Continued from page 1

Published on October 05, 1995

And then there's the slightly more politic Manny Hernandez, a gossip columnist's best friend, homeboy paparazzo feeling his oats lately and hosting his own celebrity softball tournament for charity. Despite my dark era of playing Little League baseball -- even relatives tended toward catcalls -- professional courtesy demands at least bat-boy status, somewhere between early Oprah and late Monti Rock III. As the scarlet pimpernel of the glitterati -- saving feelings, if not lives -- I'll conceal the identity of a television newscaster who deflected a gush attack with good-humored irony: "Gee, thanks. Most people think I'm just a dick."

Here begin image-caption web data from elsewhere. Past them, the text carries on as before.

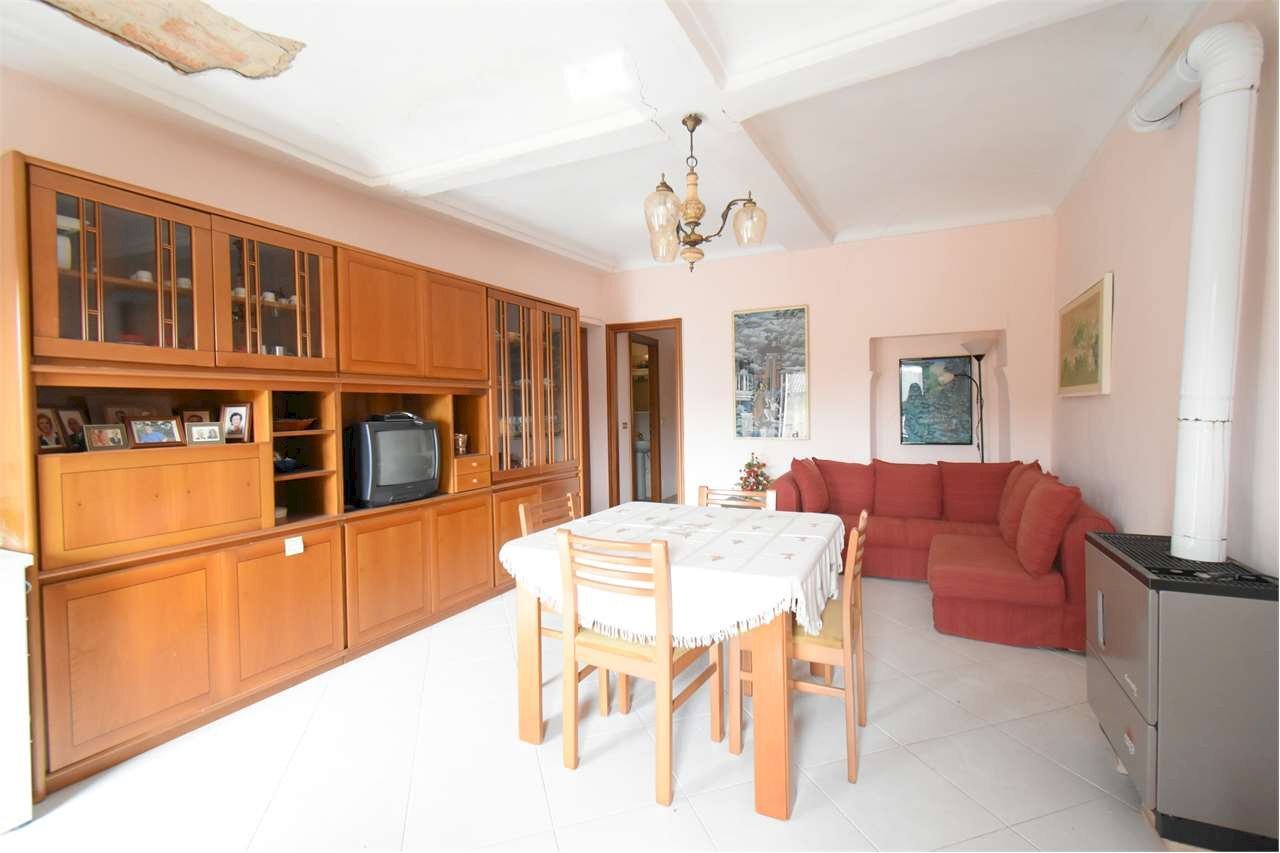 Three-room apartment Corneliano d'Alba - photo 3
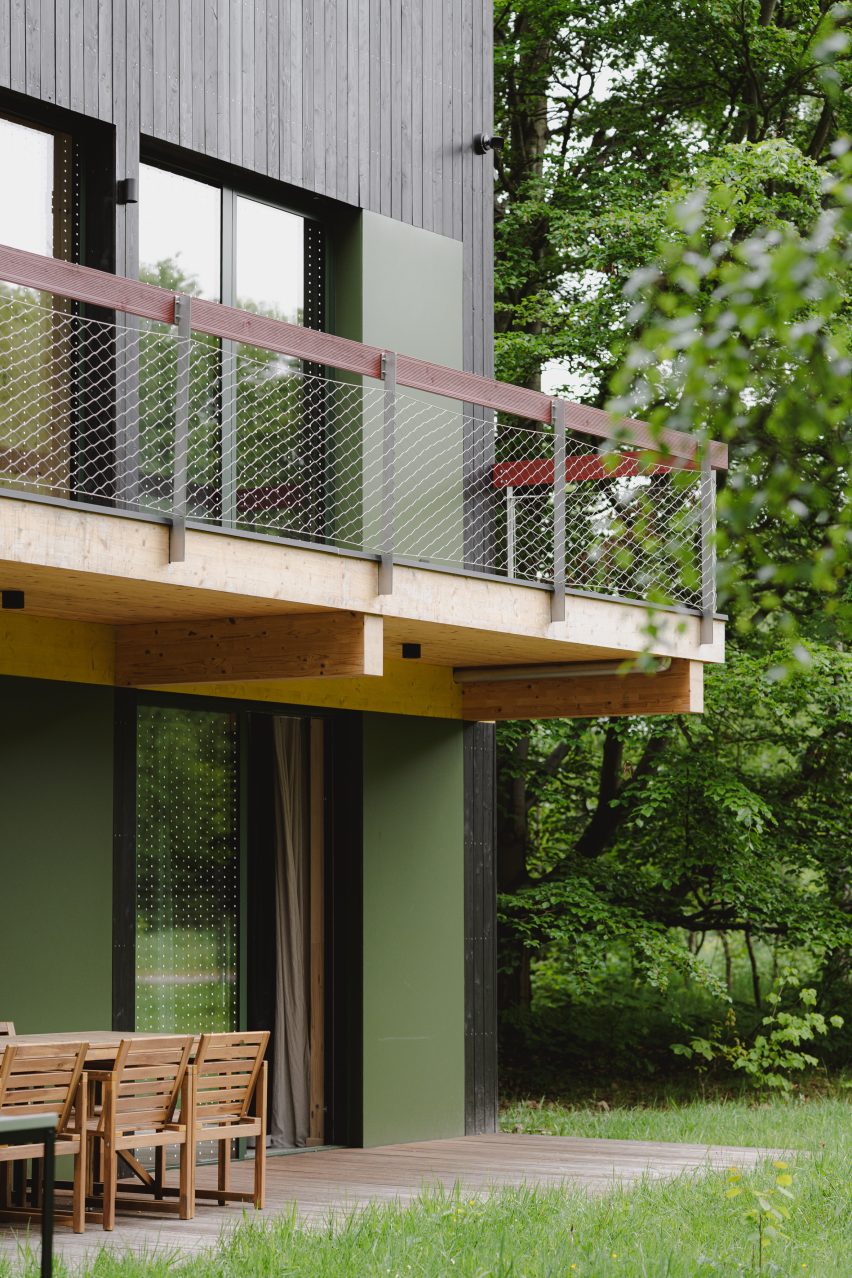 Exterior view of timber-clad cabin by Kuba Woźniczka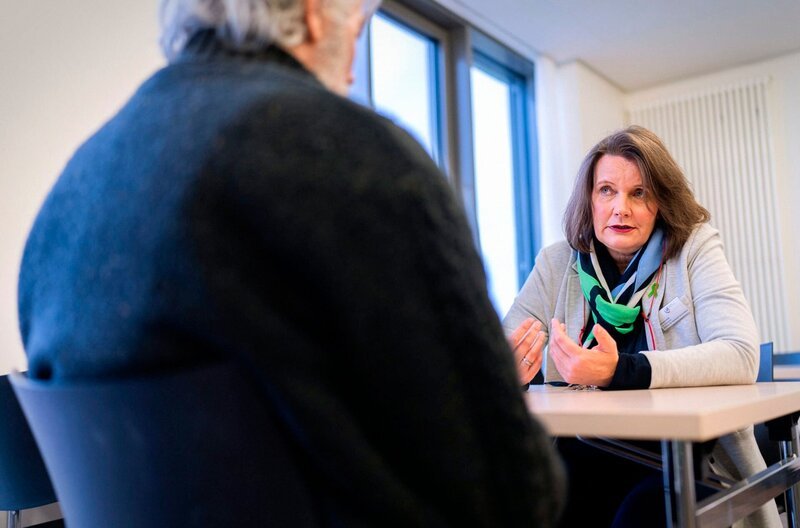 Dr. Barbara Jost im Gespräch mit einem psychotischen Patienten. – Bild: HR/​Ben Knabe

A combination of inertia, stone loony grandeur, and the hell of other people backing up the schedule from there, other skirmishes on the front going astray. Michele Pommier Models, Inc. and Runways, Inc. throwing a party at Bash to celebrate the partnership Runways at Pommier, an odd invited-by-protocol pair, Louis Oliver and Kenzo turning up in modelville. And then it's a banal Saturday afternoon of grossly unflattering sunshine, neglecting an offer to cruise up to North Miami aboard Take a Chance, the yacht of National Enquirer scion/new Miami player Paul Pope. Ten six-footers, sixty running feet of models, making the Gilligan's Island jaunt to the Miss Hawaiian Tropic contest at Shooters. As it happens, Striptease co-star Armand Assante aboard a neighboring yacht at the marina. In the end, all roads lead to women.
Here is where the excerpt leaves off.